Work to complete
Take the lines in the listing below from the line with "buchio01's tweet photo." up to and including the line with "Skoda Octavia Mk2 (1Z) Headlight/headlamp" and set them down exactly, skipping pictures and adding nothing.

Extracted data
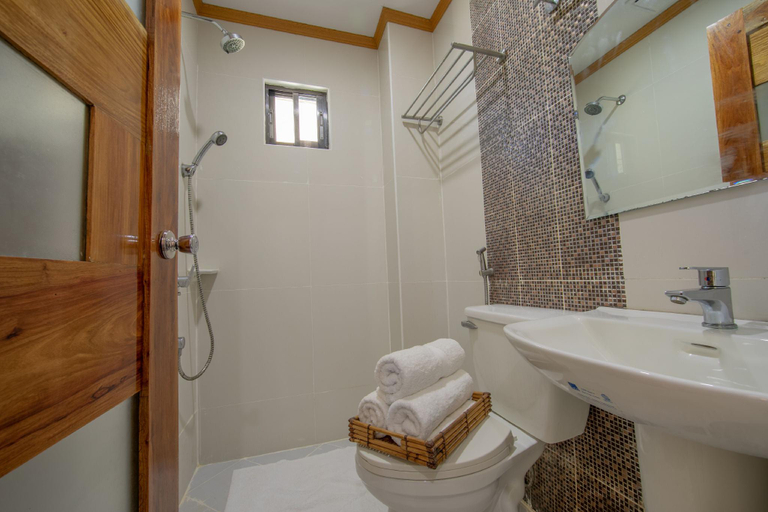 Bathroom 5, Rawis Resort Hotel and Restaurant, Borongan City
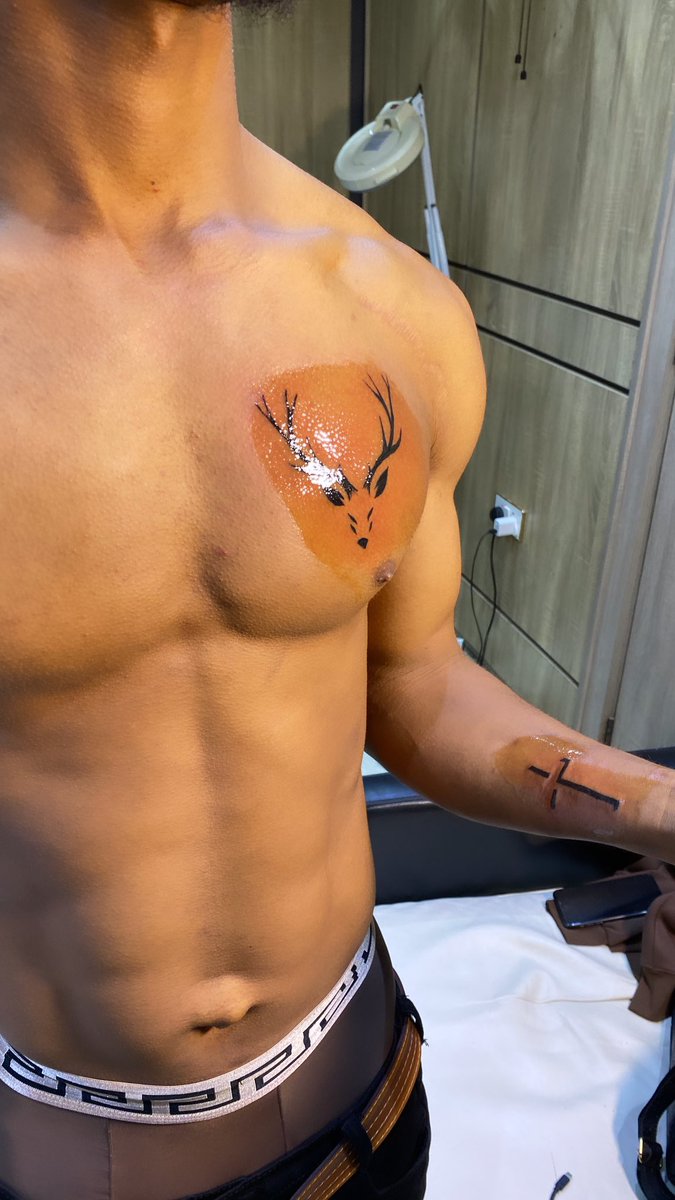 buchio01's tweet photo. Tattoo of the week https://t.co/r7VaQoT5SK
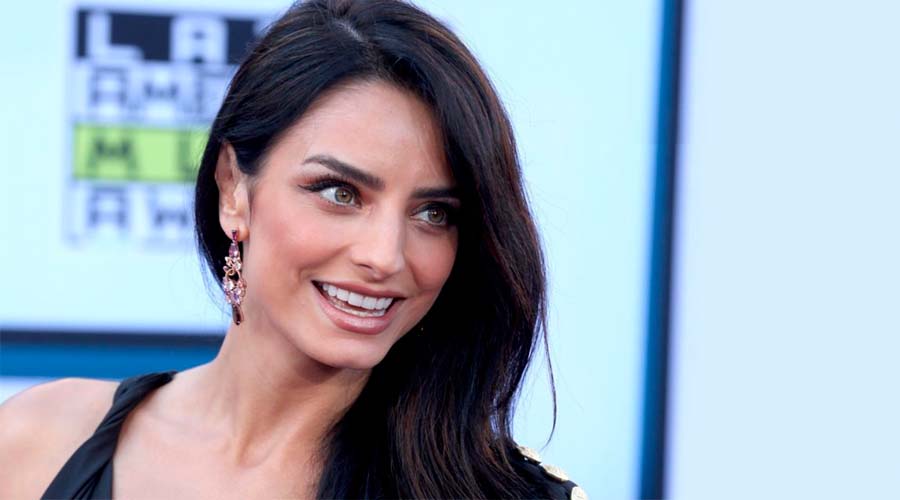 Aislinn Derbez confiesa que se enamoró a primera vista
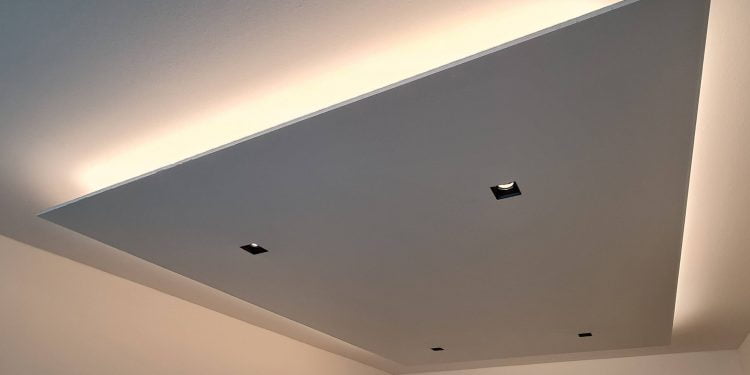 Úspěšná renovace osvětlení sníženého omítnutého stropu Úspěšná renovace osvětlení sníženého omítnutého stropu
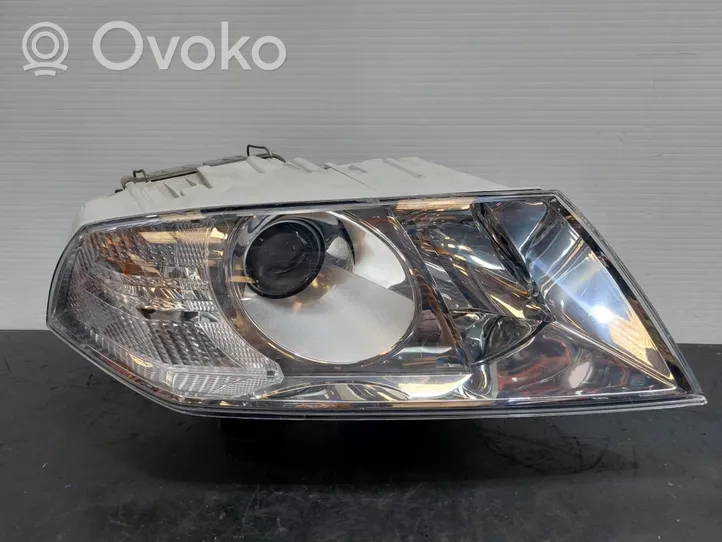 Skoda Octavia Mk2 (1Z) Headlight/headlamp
--
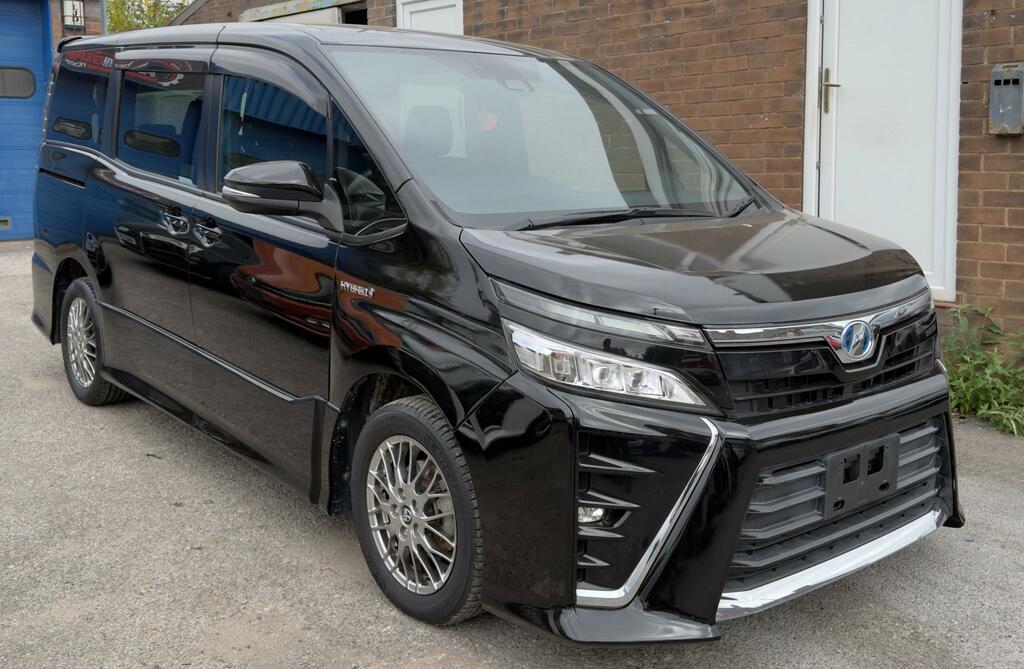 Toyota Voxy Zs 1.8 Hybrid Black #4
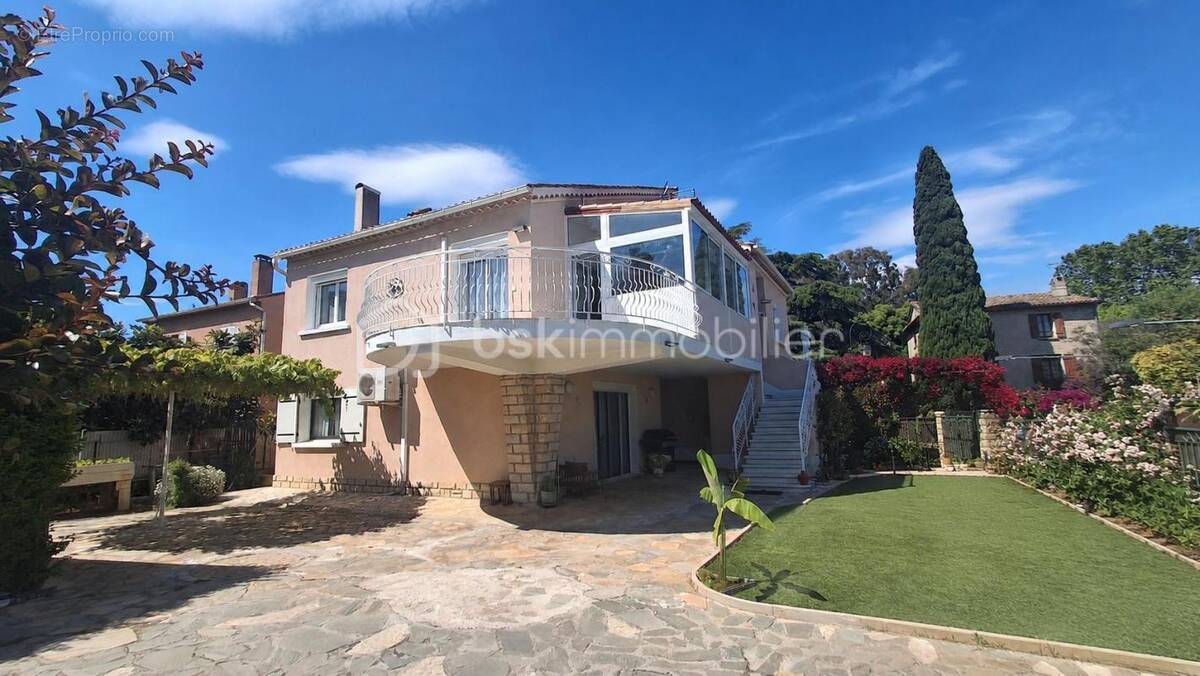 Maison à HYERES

Response for this exercise
 buchio01's tweet photo. Tattoo of the week https://t.co/r7VaQoT5SK
 Aislinn Derbez confiesa que se enamoró a primera vista
 Úspěšná renovace osvětlení sníženého omítnutého stropu Úspěšná renovace osvětlení sníženého omítnutého stropu
 Skoda Octavia Mk2 (1Z) Headlight/headlamp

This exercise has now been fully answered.